** Work instruction **
Beginning with the line that contains "Paysage de parc", reproduce the remaining lines of the material exactly, up to and including the last one, but no pictures.

** Stored data **

== Segment start ==

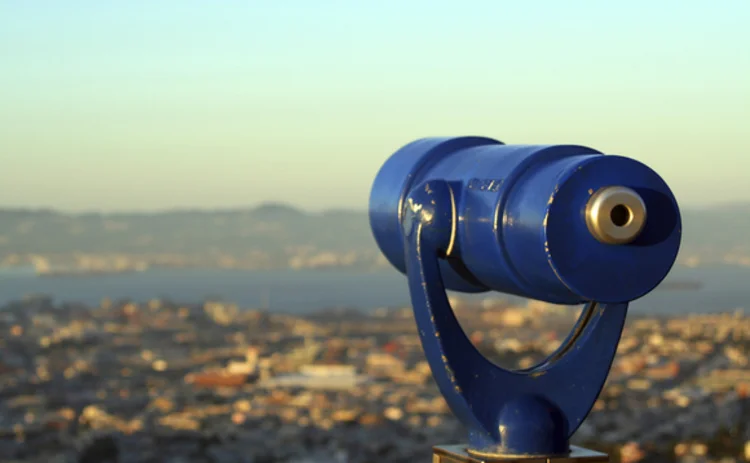telescope-blue-looking-out-over-san-francisco-bay
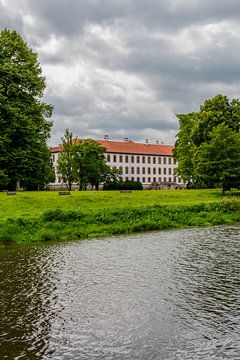 Paysage de parc à couper le souffle au château d'Elisabethenburg sur Oliver Hlavaty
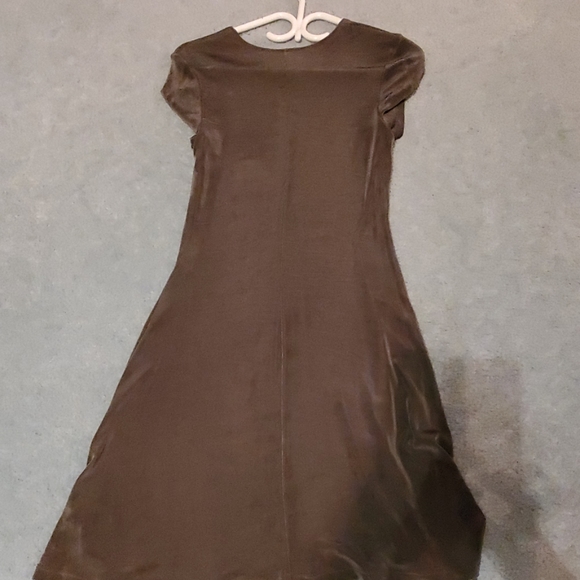 Dress by Beechers Brook - Picture 2 of 2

== Segment end ==

** Response to the task **
 Paysage de parc à couper le souffle au château d'Elisabethenburg sur Oliver Hlavaty
 Dress by Beechers Brook - Picture 2 of 2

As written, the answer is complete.